### Input for this task

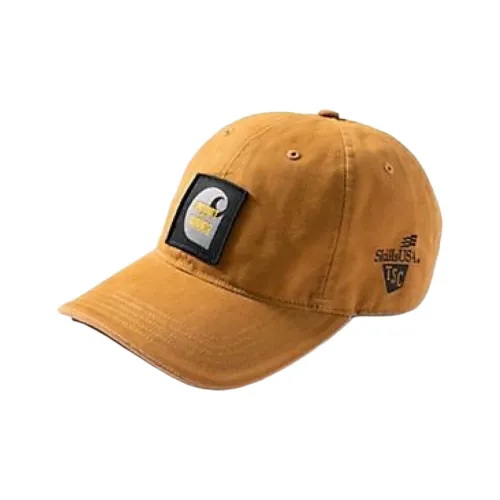 Carhartt 100% Cotton, Canvas Baseball Caps Men's Earth Yellow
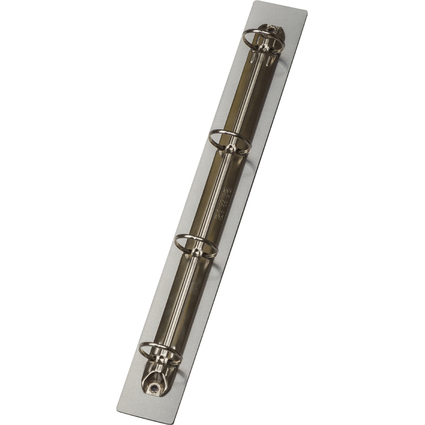 djois by tarifold Magnetleiste mit 4-Ring-Mechanik, silber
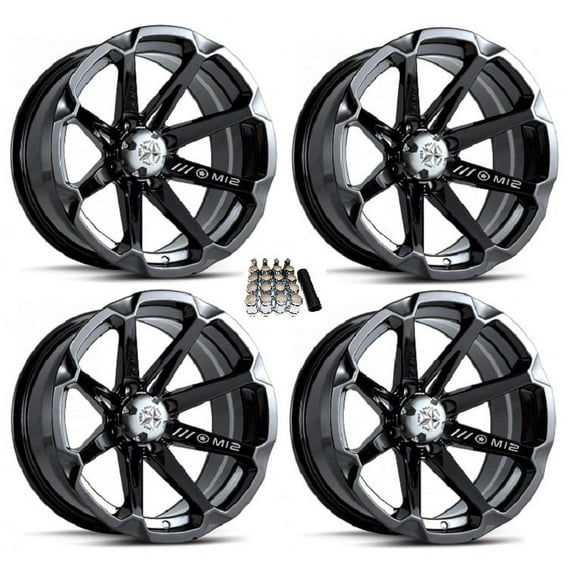 MSA M12 Diesel UTV Wheels/Rims Black 14" Polaris RZR 1000 XP / Ranger XP 900/1000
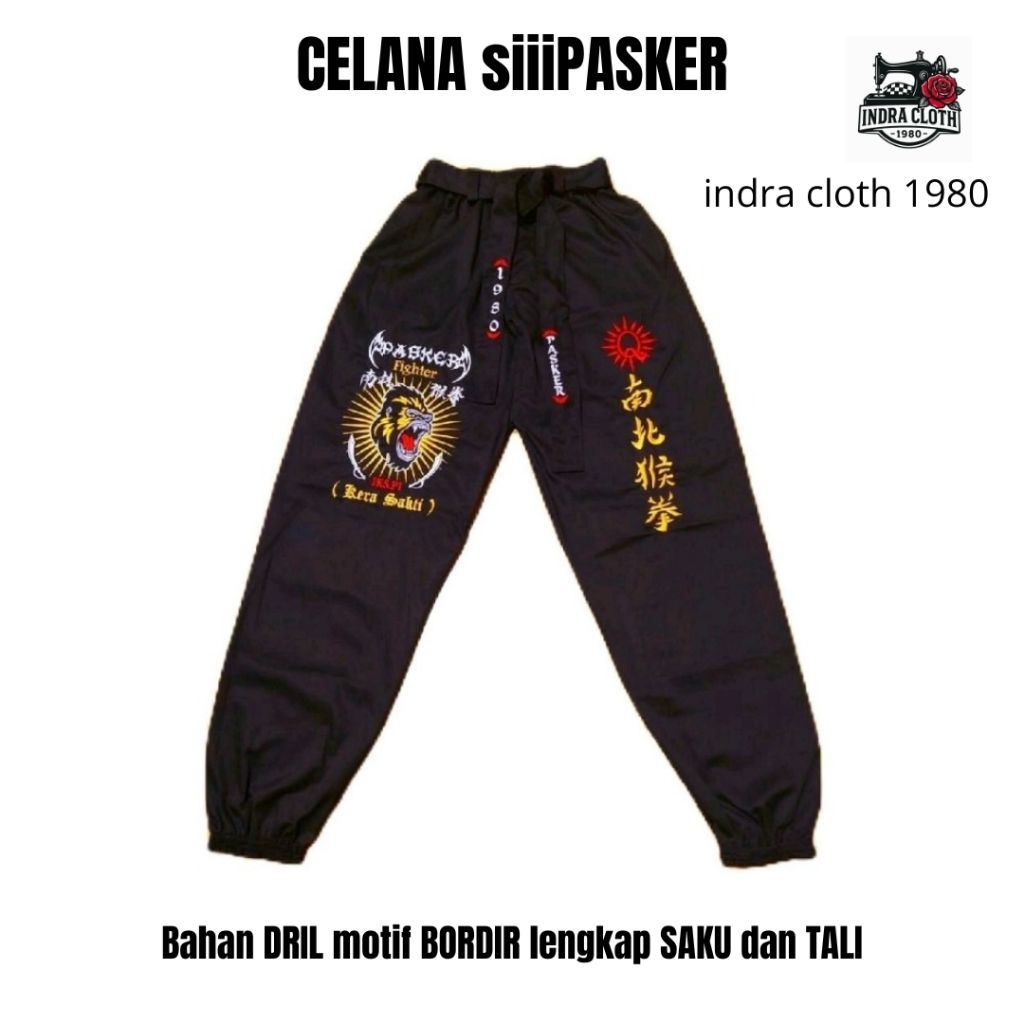Celana Ikspi Bordir 27 Bahan Dril Celana Ikspi Saku Celana Bordir Ikspi Celana Ikspi Kera Sakti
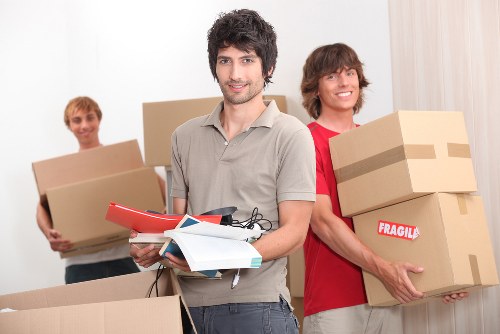 Moving van completing a delivery under UK service terms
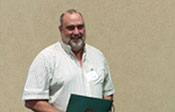 Rick Schilke accepting Spirit Award Rick Schilke accepting Spirit Award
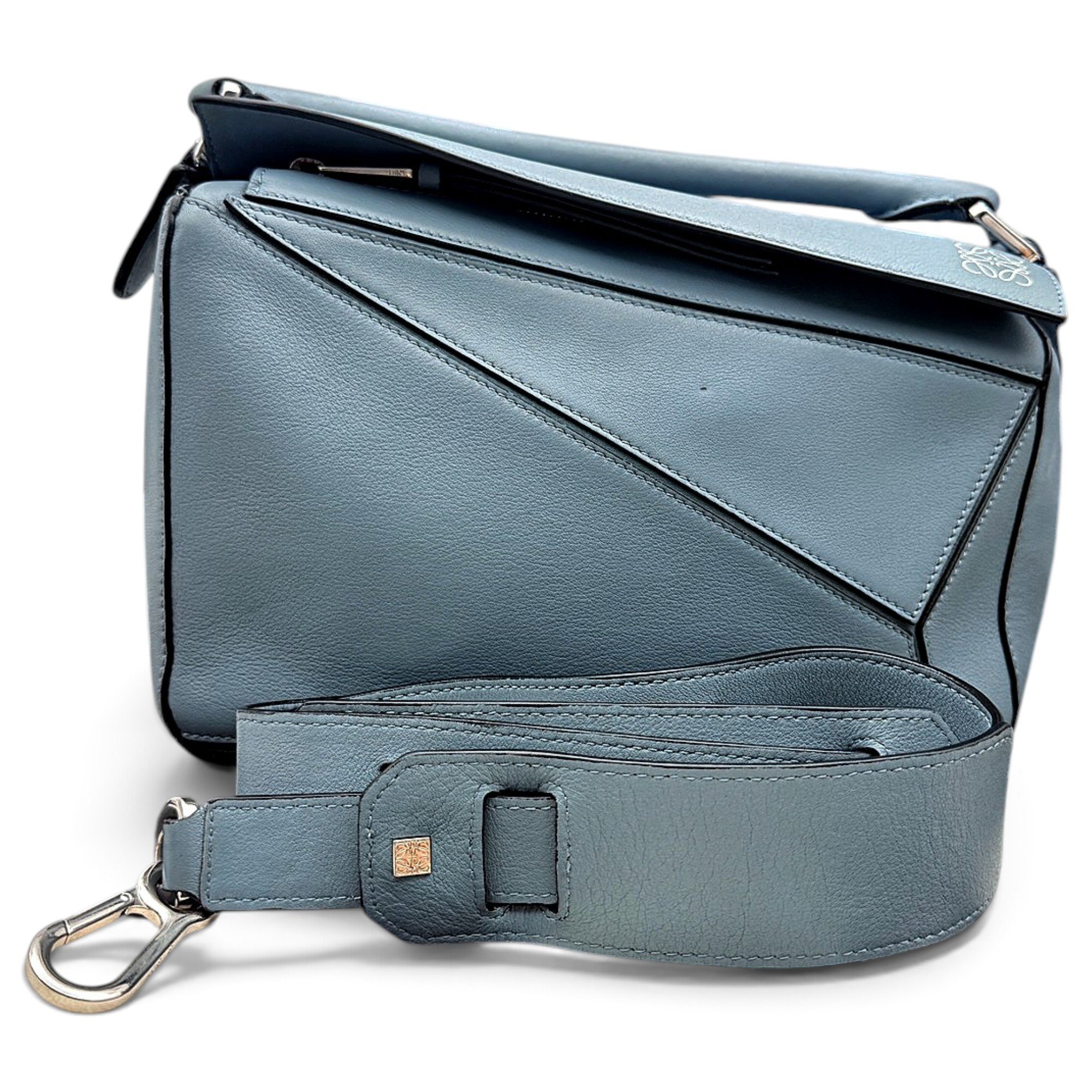 Puzzle leather handbag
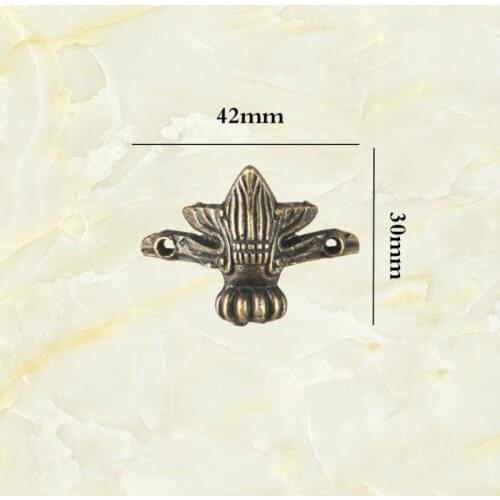 JD 4pcs Small Antique Zinc Alloy Foot Decorative Bottom Corner Beast Foot Box Foot Furniture Hardware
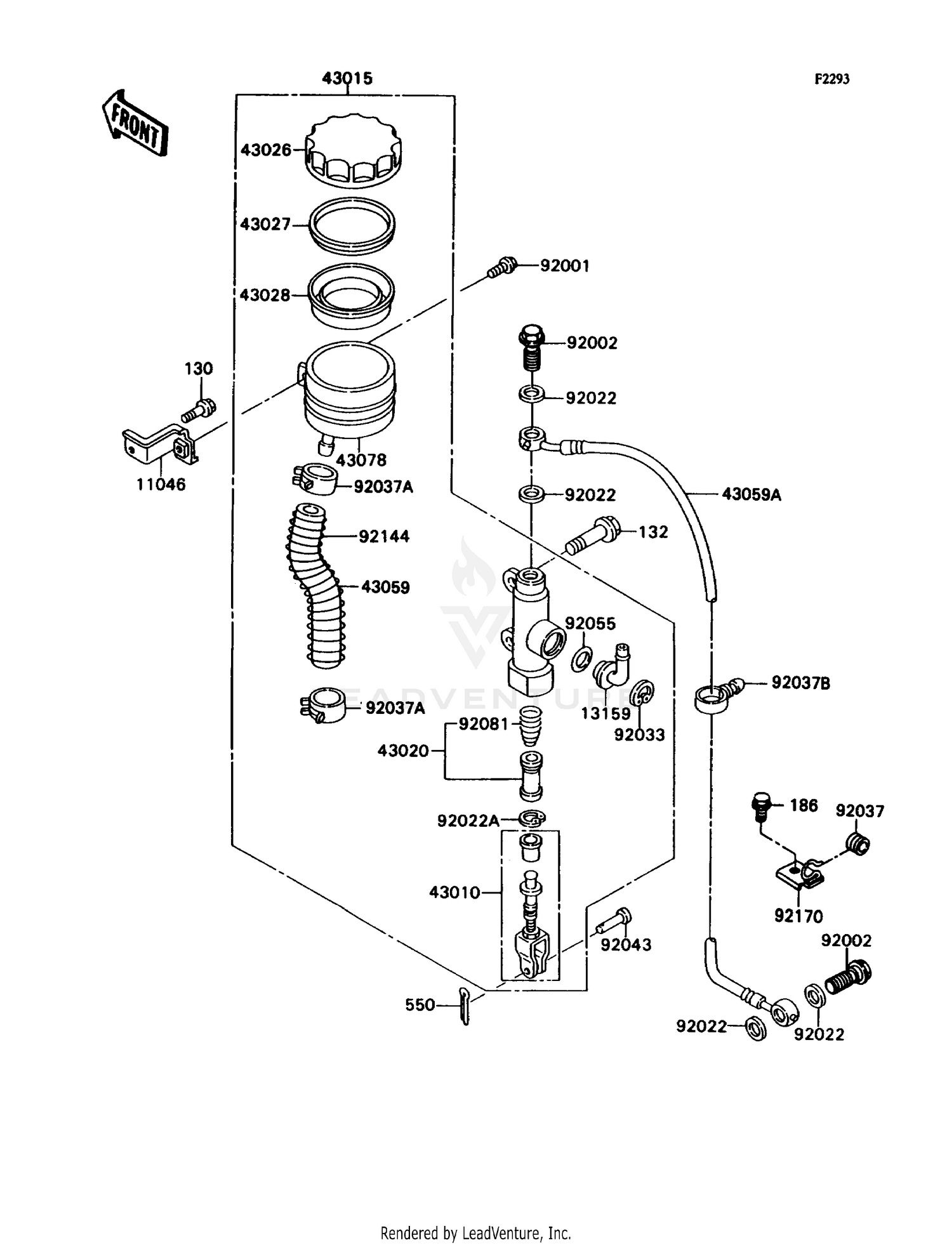REAR MASTER CYLINDER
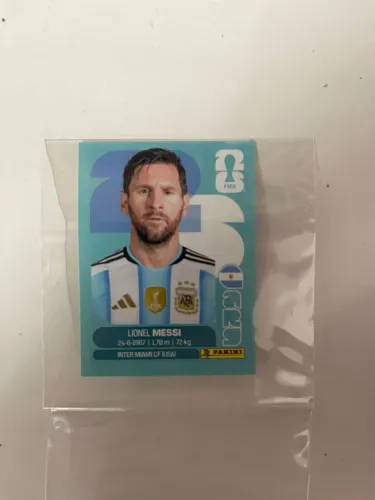 FIGURINHA DO LIONEL MESSI DA COPA DE 2026 - ORIGINAL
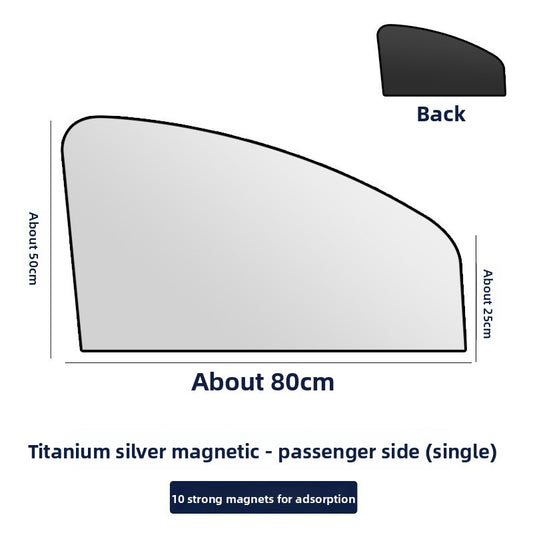 Magnetic Car Sunshade Curtain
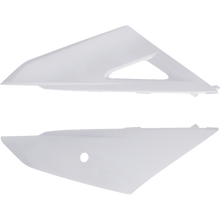 Side Panels- upper CRF250R/RX, CRF450R/RX:25 white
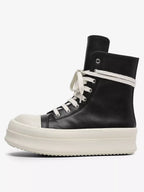 Niceprimes Rubber Sole High-Top Side Zipper Platform Sneakers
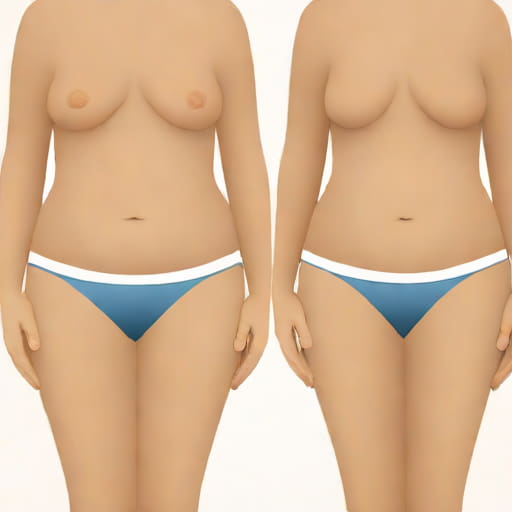 Before And After Tumescent Liposuction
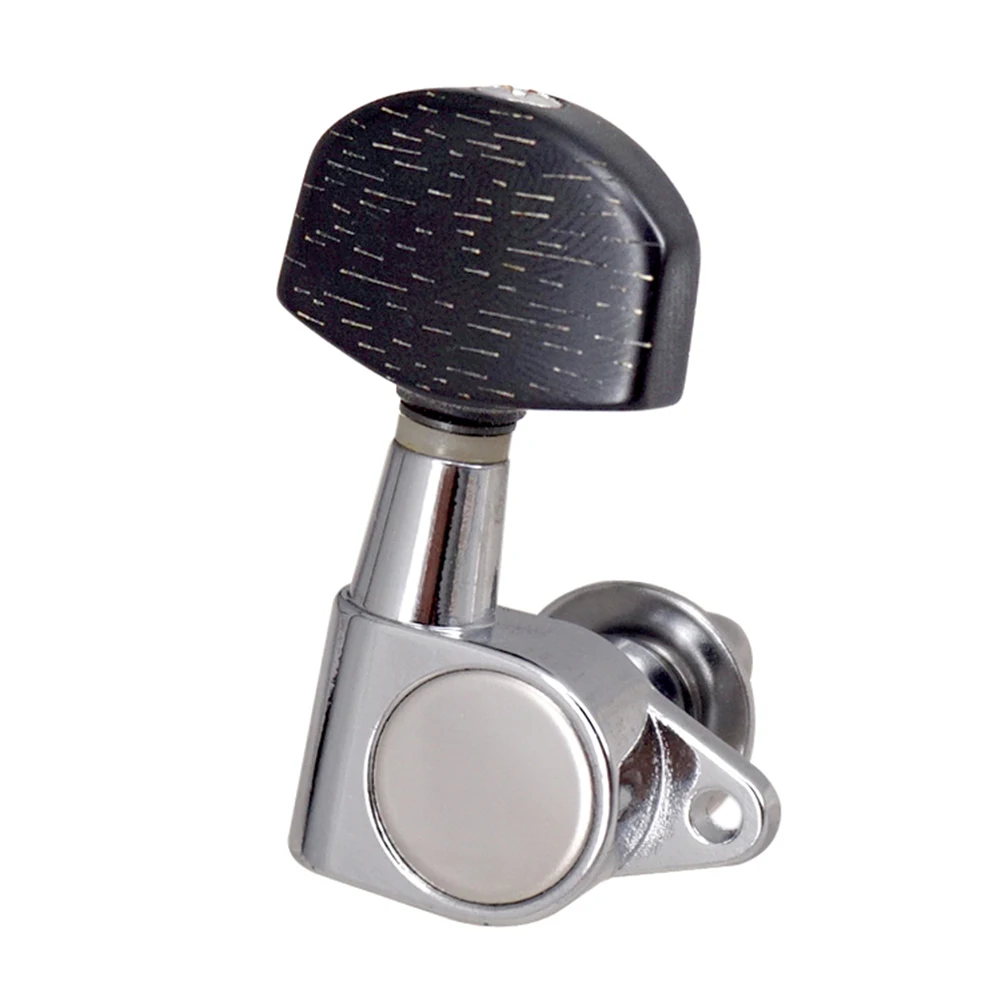 6 قطعة رؤوس آلة المقبض المغلقة المستقبلون 3L 3R سلسلة ضبط الوتد ارتداء مقاومة آلة الغيتار رؤساء المقابض للجيتار الصوتي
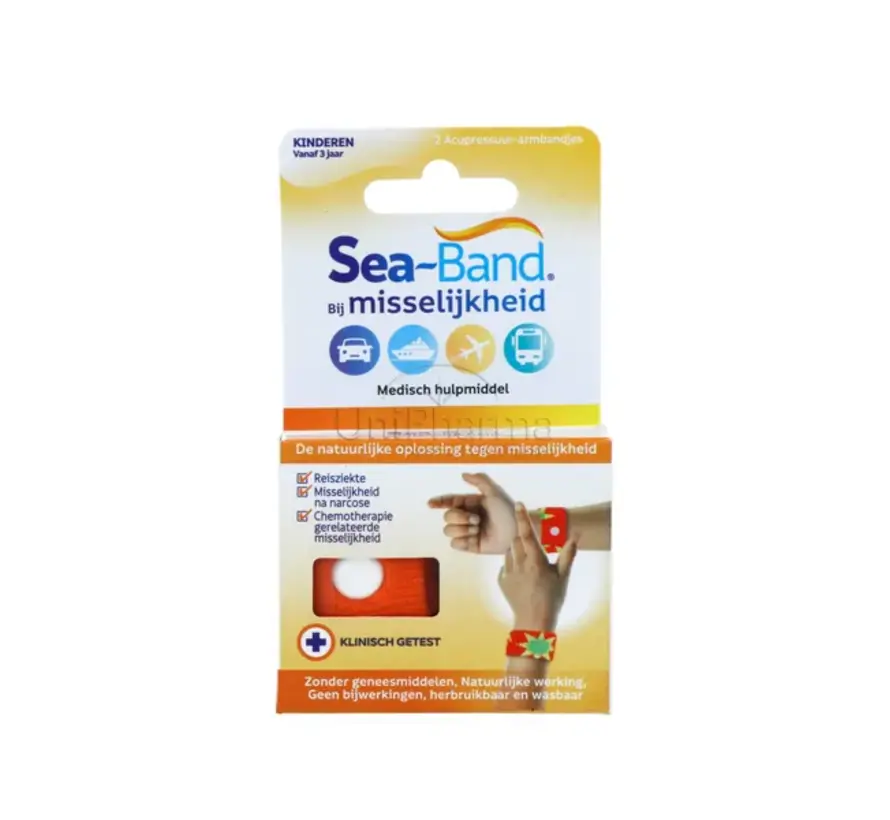 Sea-Band Polsbandjes bij misselijkheid bij kinderen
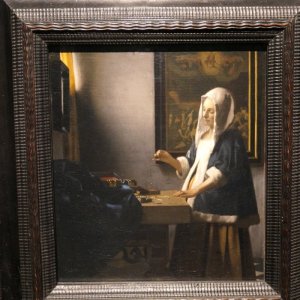 Vermeer - Frau mit Waage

######

== About this exercise ==
Give the entries above again word for word, without the pictures.

== Written answer ==
 Carhartt 100% Cotton, Canvas Baseball Caps Men's Earth Yellow
 djois by tarifold Magnetleiste mit 4-Ring-Mechanik, silber
 MSA M12 Diesel UTV Wheels/Rims Black 14" Polaris RZR 1000 XP / Ranger XP 900/1000
Celana Ikspi Bordir 27 Bahan Dril Celana Ikspi Saku Celana Bordir Ikspi Celana Ikspi Kera Sakti
 Moving van completing a delivery under UK service terms
 Rick Schilke accepting Spirit Award Rick Schilke accepting Spirit Award
 Puzzle leather handbag
 JD 4pcs Small Antique Zinc Alloy Foot Decorative Bottom Corner Beast Foot Box Foot Furniture Hardware
REAR MASTER CYLINDER
 FIGURINHA DO LIONEL MESSI DA COPA DE 2026 - ORIGINAL
 Magnetic Car Sunshade Curtain
 Side Panels- upper CRF250R/RX, CRF450R/RX:25 white
 Niceprimes Rubber Sole High-Top Side Zipper Platform Sneakers
 Before And After Tumescent Liposuction
 6 قطعة رؤوس آلة المقبض المغلقة المستقبلون 3L 3R سلسلة ضبط الوتد ارتداء مقاومة آلة الغيتار رؤساء المقابض للجيتار الصوتي
 Sea-Band Polsbandjes bij misselijkheid bij kinderen
 Vermeer - Frau mit Waage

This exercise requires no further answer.